Quantum addtion using technics from paper: Vedral, V., Barenco, A., & Ekert, A. (1996)
Calculating $5_{(10)}+3_{(10)}$ using quantum full adder: this section calculate...
References¶
- Vedral, V., Barenco, A., & Ekert, A. (1996). Quantum networks for elementary arithmetic operations. Physical Review A, 54(1), 147–153. https://doi.org/10.1103/PhysRevA.54.147
CNOT Gate (Controlled-NOT)¶
Let's first introduce CNOT gate truth table:
| Control (C) | Target Input (T) | Target Output (T $\oplus$ C) |
|---|---|---|
| 0 | 0 | 0 |
| 0 | 1 | 1 |
| 1 | 0 | 1 |
| 1 | 1 | 0 |
Toffoli Gate (CCX / Controlled-Controlled-NOT)¶
| Control 1 (C₁) | Control 2 (C₂) | Target Input (T) | Target Output (T ⊕ (C₁ $\cdot$ C₂)) |
|---|---|---|---|
| 0 | 0 | 0 | 0 |
| 0 | 0 | 1 | 1 |
| 0 | 1 | 0 | 0 |
| 0 | 1 | 1 | 1 |
| 1 | 0 | 0 | 0 |
| 1 | 0 | 1 | 1 |
| 1 | 1 | 0 | 1 |
| 1 | 1 | 1 | 0 |
Calculating $1_{(10)}+1_{(10)}$ using quantum half adder¶
Here we will start with a straightforward example of how to build a classical half adder by using quantum gates, specifically, only CNOT and Toffoli gate.

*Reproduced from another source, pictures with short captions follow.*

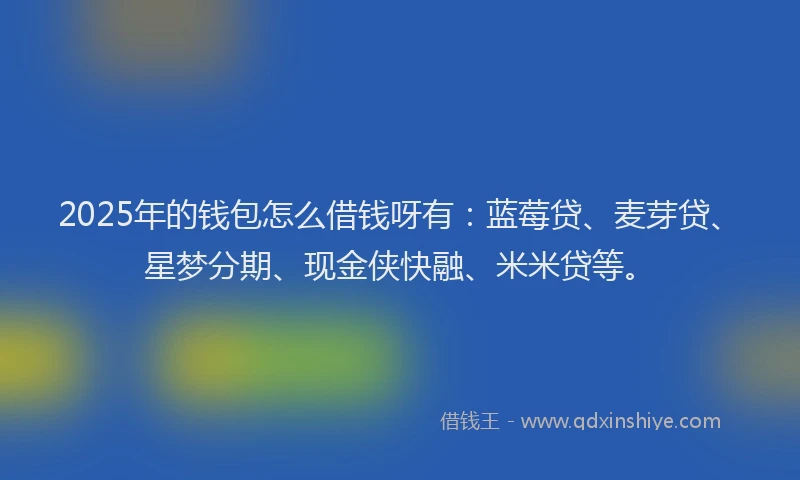 2025年的钱包怎么借钱呀有：蓝莓贷、麦芽贷、星梦分期、现金侠快融、米米贷等。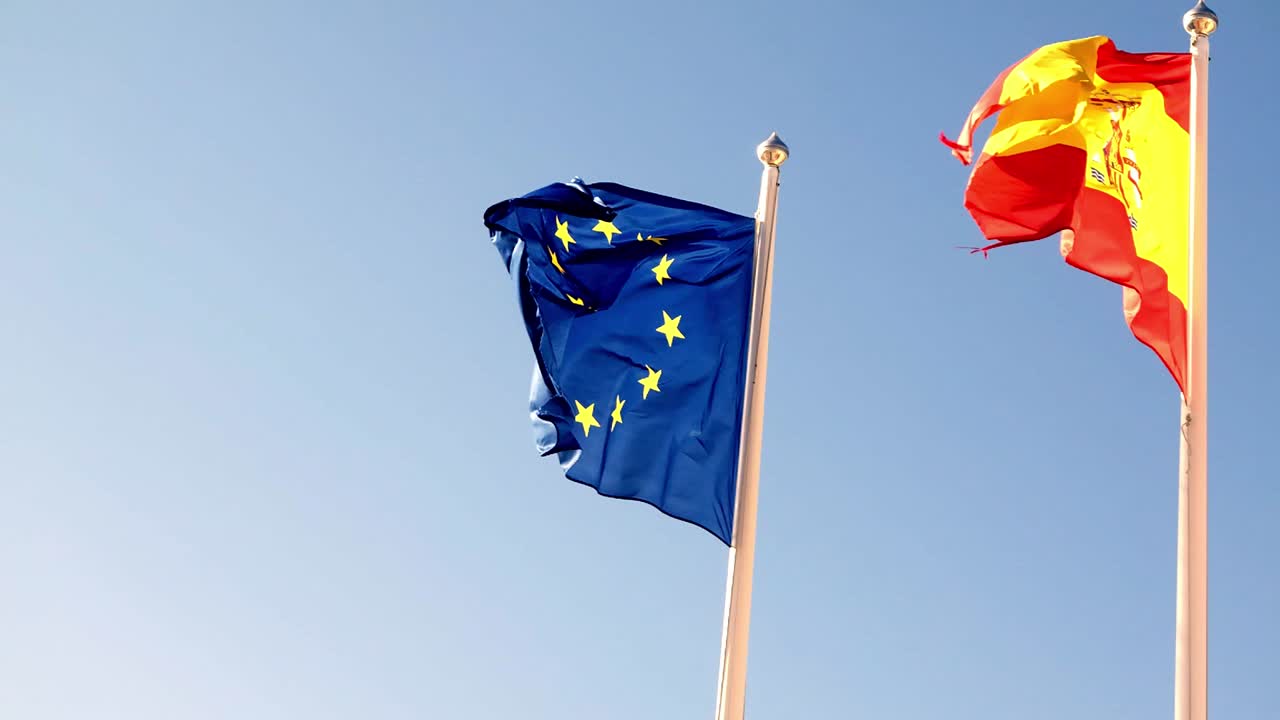 유럽과 스페인의 발이 토레비에하 근처의 비스타벨라에서 날아다니고 있습니다.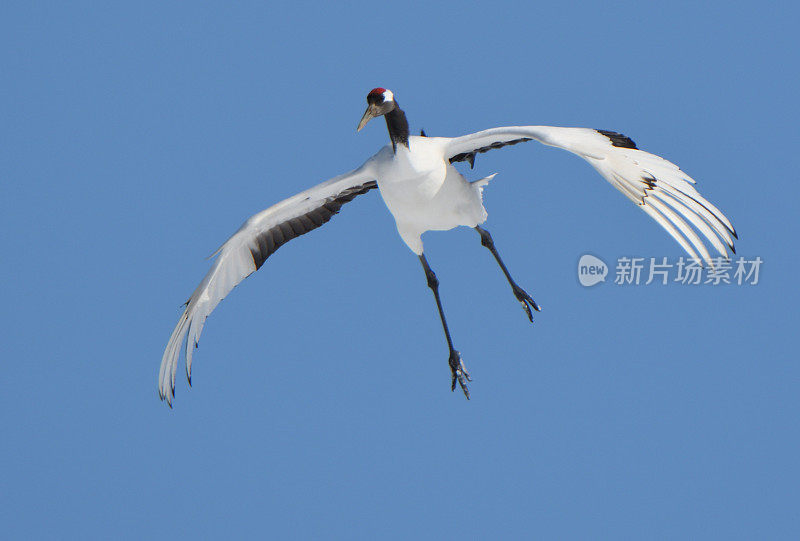 冬天，一只丹顶鹤飞过北海道鹤井村的伊藤保护区。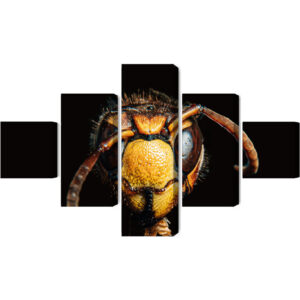 Mehrteiliges Bild Hornisse Im Makromaßstab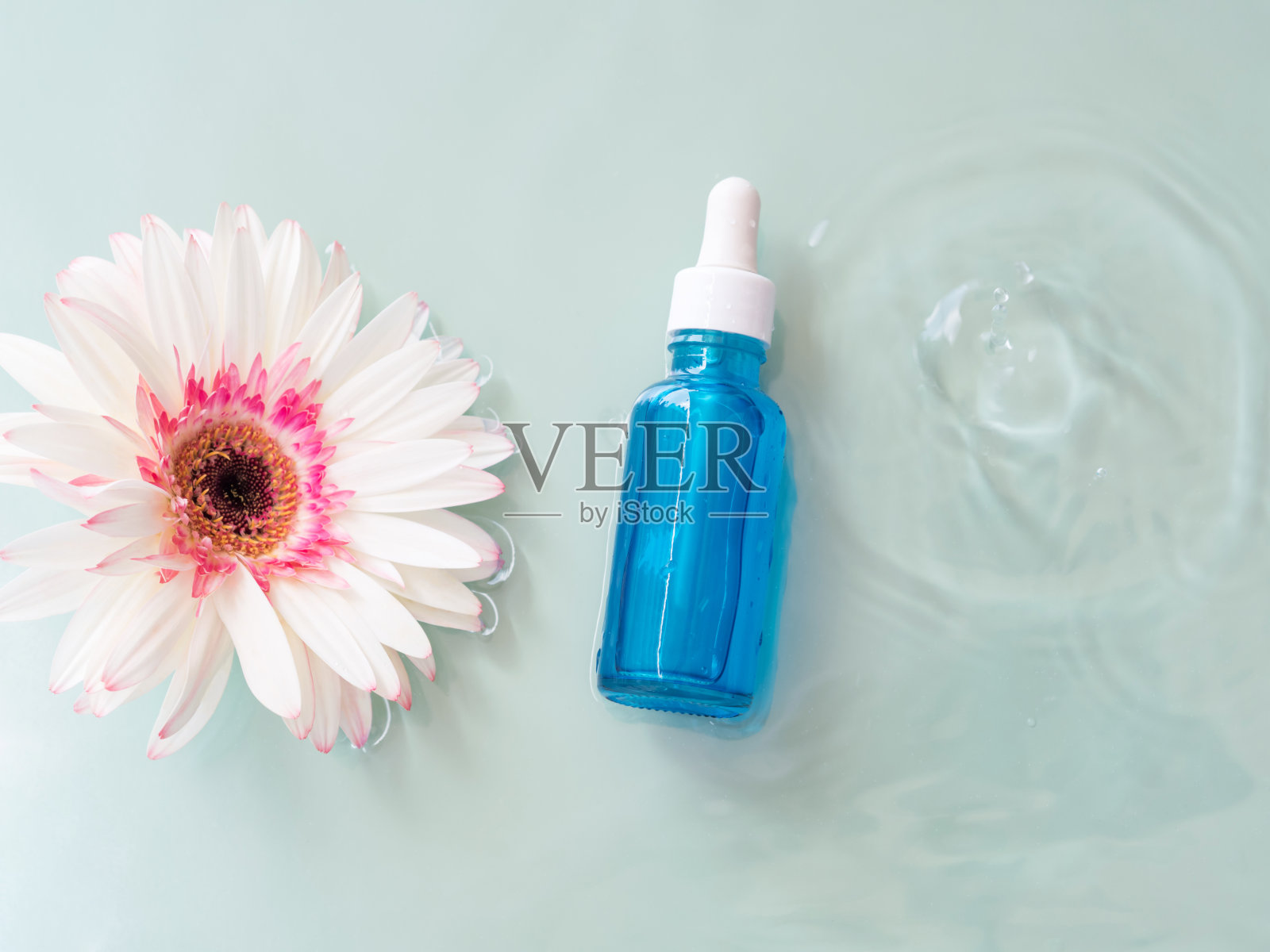 化妆品美容精华油酸瓶产品在水蓝绿色背景与白色雏菊水中照片摄影图片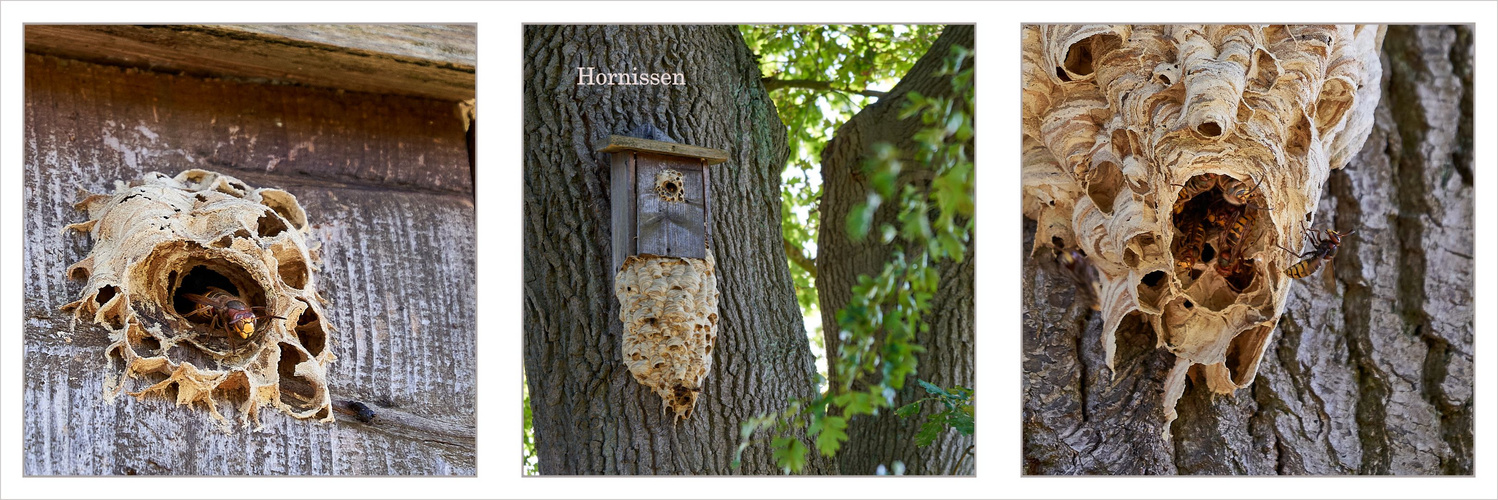 Hausbesetzung mit Anbau.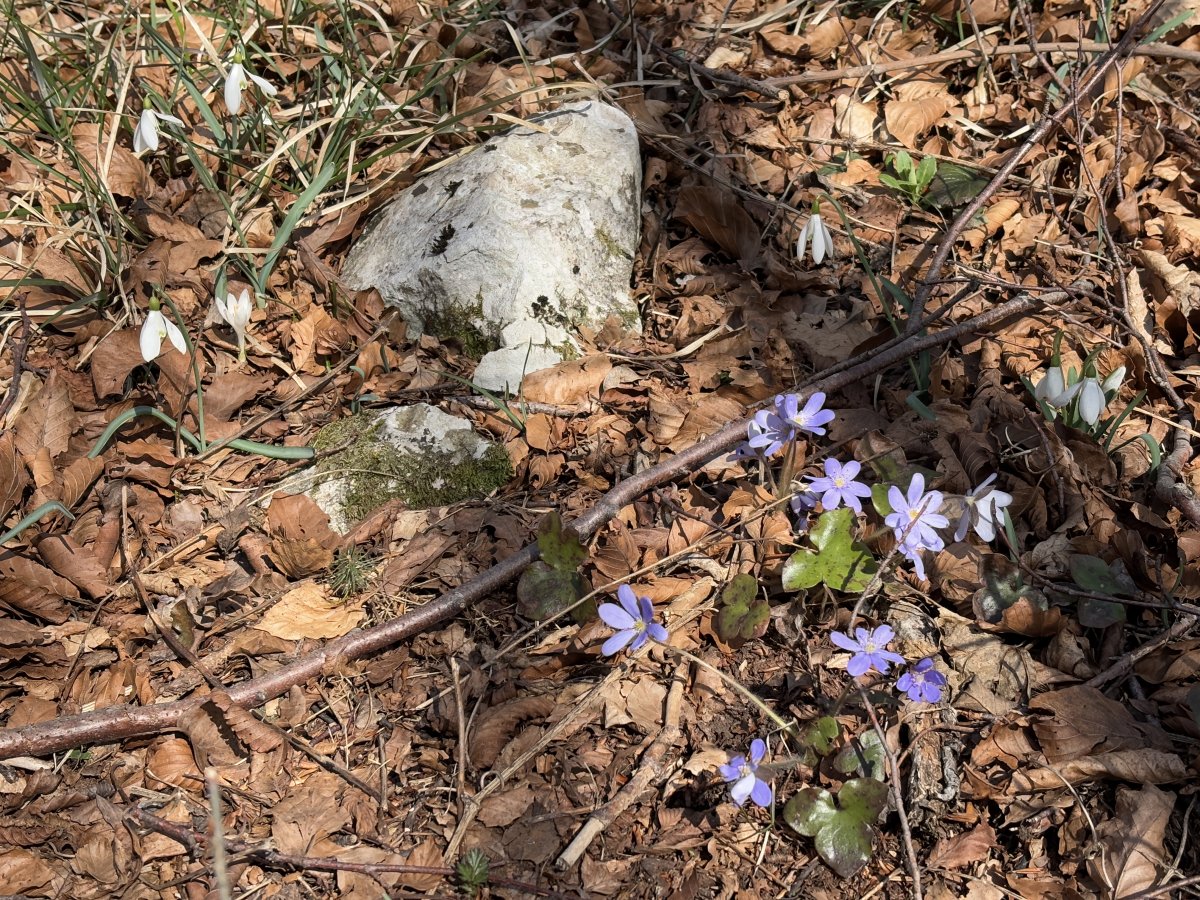 Spring flowers were popping up all over the place..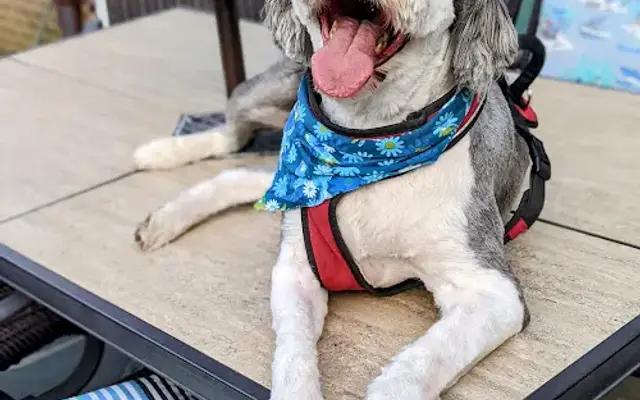 Pawsitive Pedicures in North Canton, OH
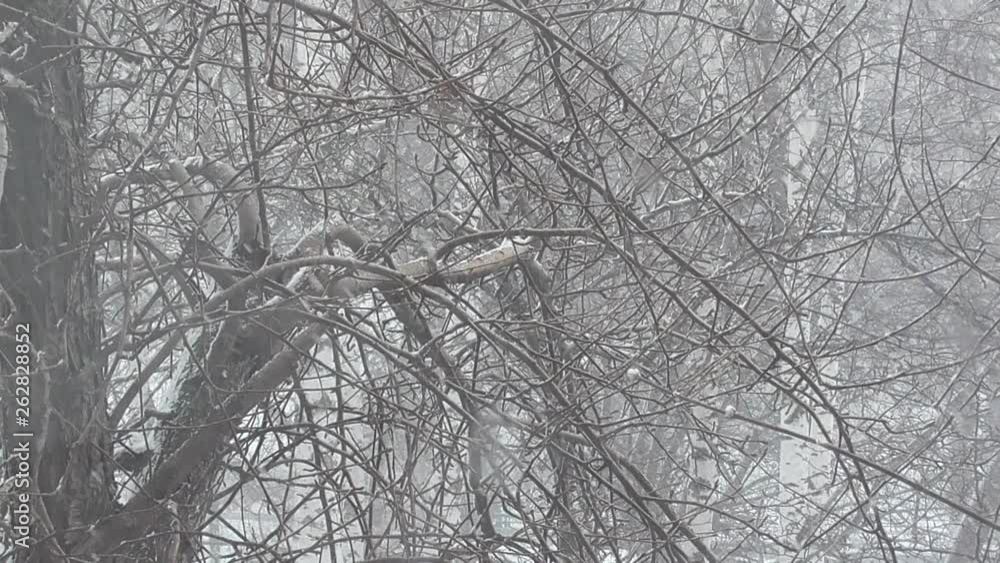 In the middle of spring in April a strong wind blows, it is snowing, the branches of trees sway. In the middle of spring in April a strong wind blows, it is snowing, the branches of trees sway.
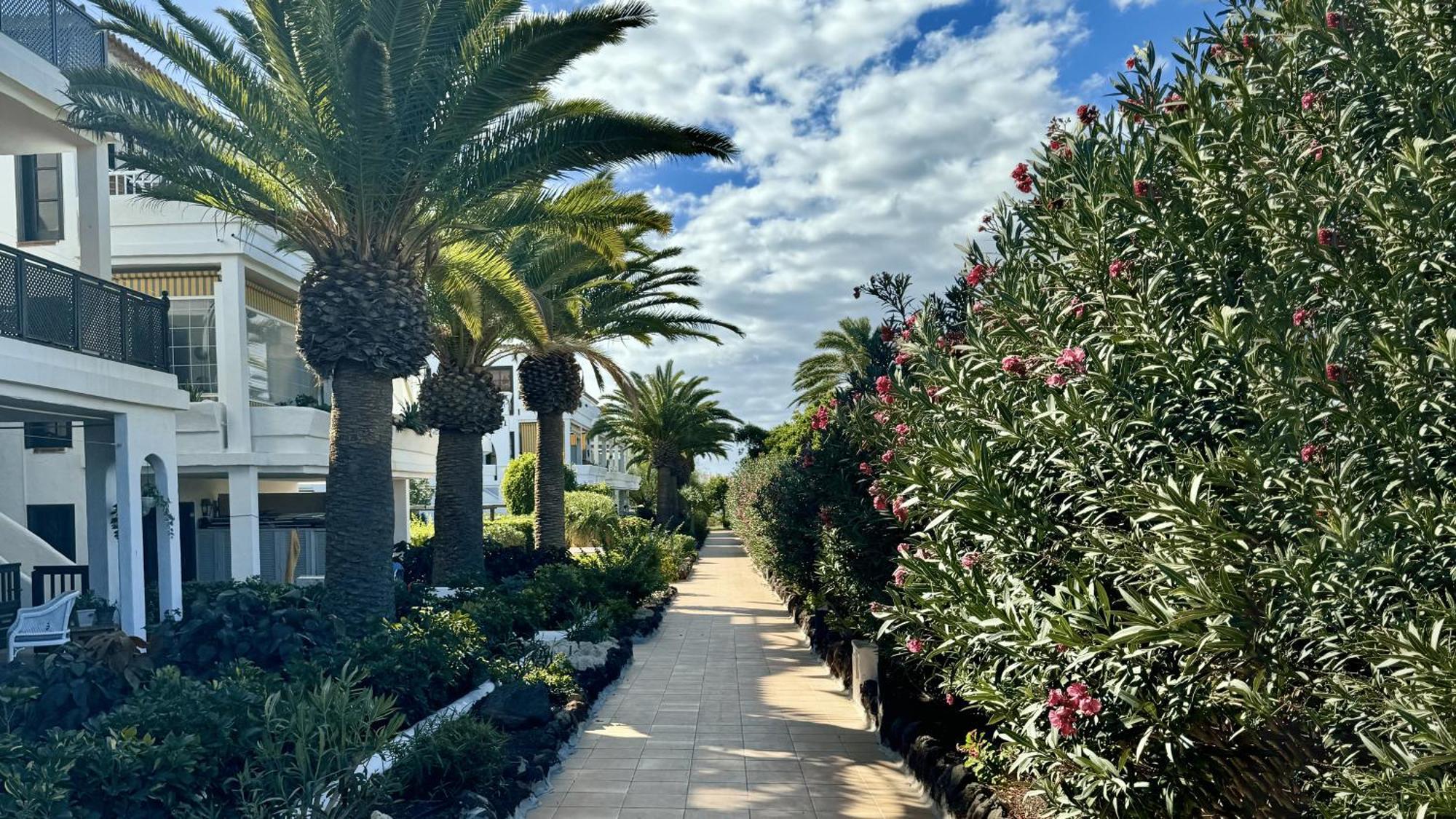 Serena Vista Golf 791 - Appartamento Confortevole A Amarilla Golf Σαν Μιγκέλ ντε Αμπόνα Εξωτερικό φωτογραφία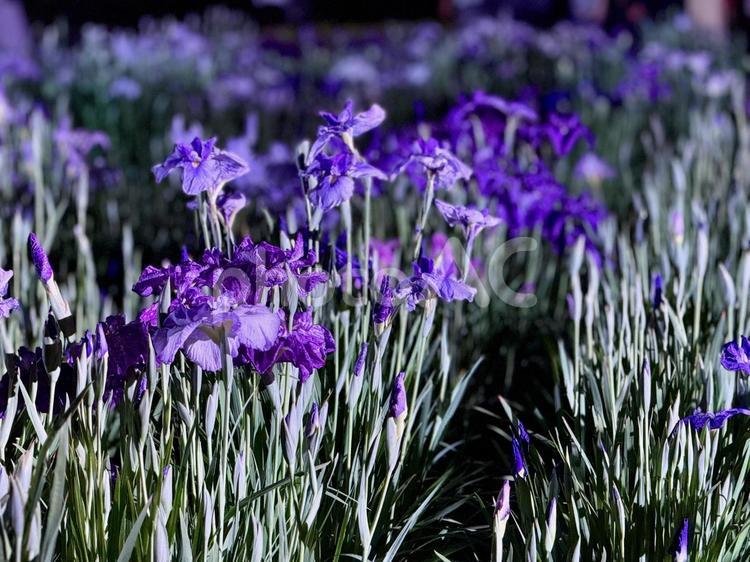 夜の堀切菖蒲園　ライトアップされる花菖蒲 堀切菖蒲園,5月,菖蒲の写真素材
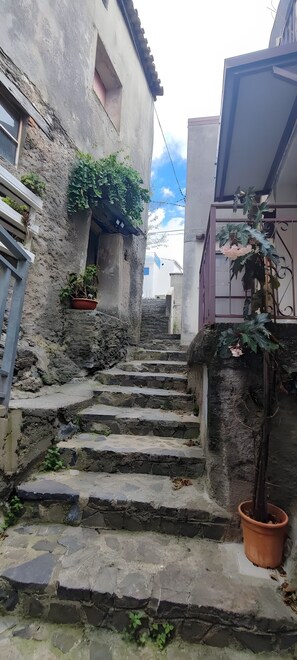 Àrea exterior de l'allotjament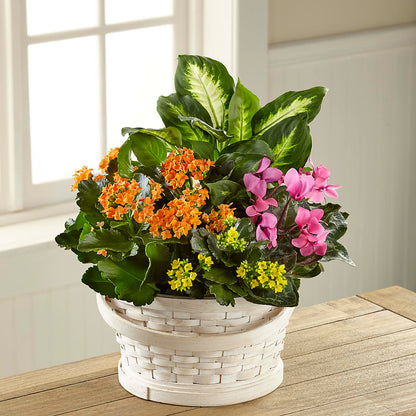 Color Crush Dishgarden –  Towne Florist, Lumberton NC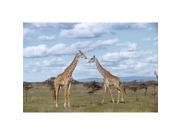 Brewster Home Fashions NG1318 Giraffes Wall Mural 48 in.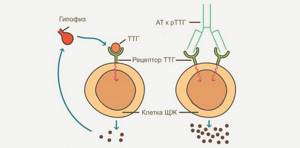 Антитела к тиреоглобулину повышены: что это значит, причины, симптомы, диагностика и методы лечения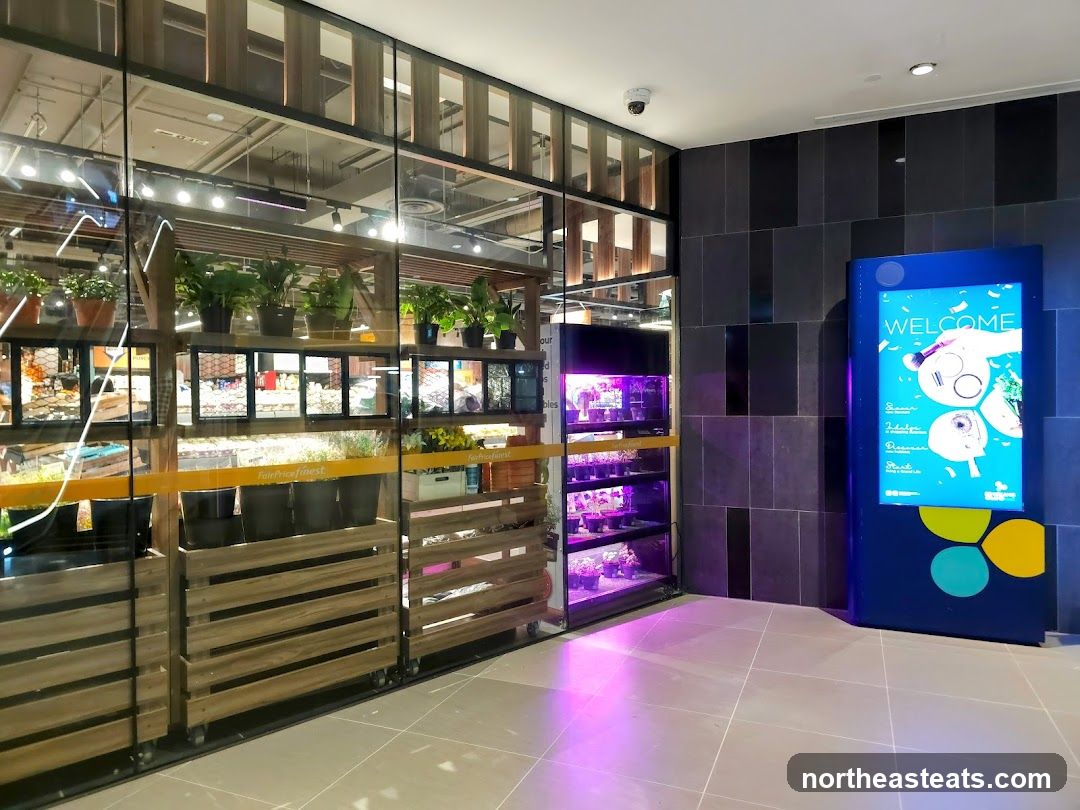 Digital Welcome Screen and Indoor Plants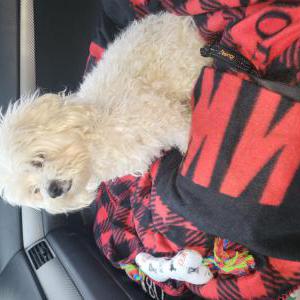 Lost Dog Miki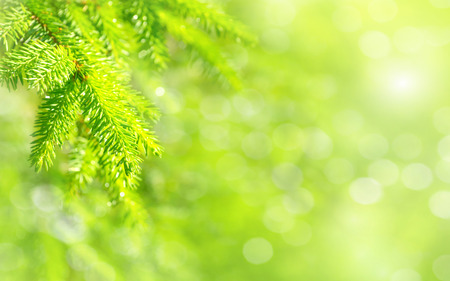 Spring natural bright background with young spruce branchesの写真素材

We will use a 2-bit representation for better demonstration. Assume that we have $1_{(10)}$ that can be represented in binary form as
$$ |a\rangle = |a_{1}a_{0}\rangle = |01\rangle, $$
and
$$ |b\rangle = |b_{1}b_{0}\rangle = |01\rangle. $$
We introduce 2 extra qubits, temp, and carry:
- The
tempqubit serve as a temporary storage of MSB of $b$, that is, $b_{1} = 0$. - The carry will be controlled by the addition of $a_{0}$ and
tempby using theToffoligate. Below shows the assigned qubits.
This type of addition is basically made of two portions, sum and carry:
- The sum is computed by the addition of qubit $a_{0} \oplus b_{0}$, where $\oplus$ denotes a modulos 2 addtion.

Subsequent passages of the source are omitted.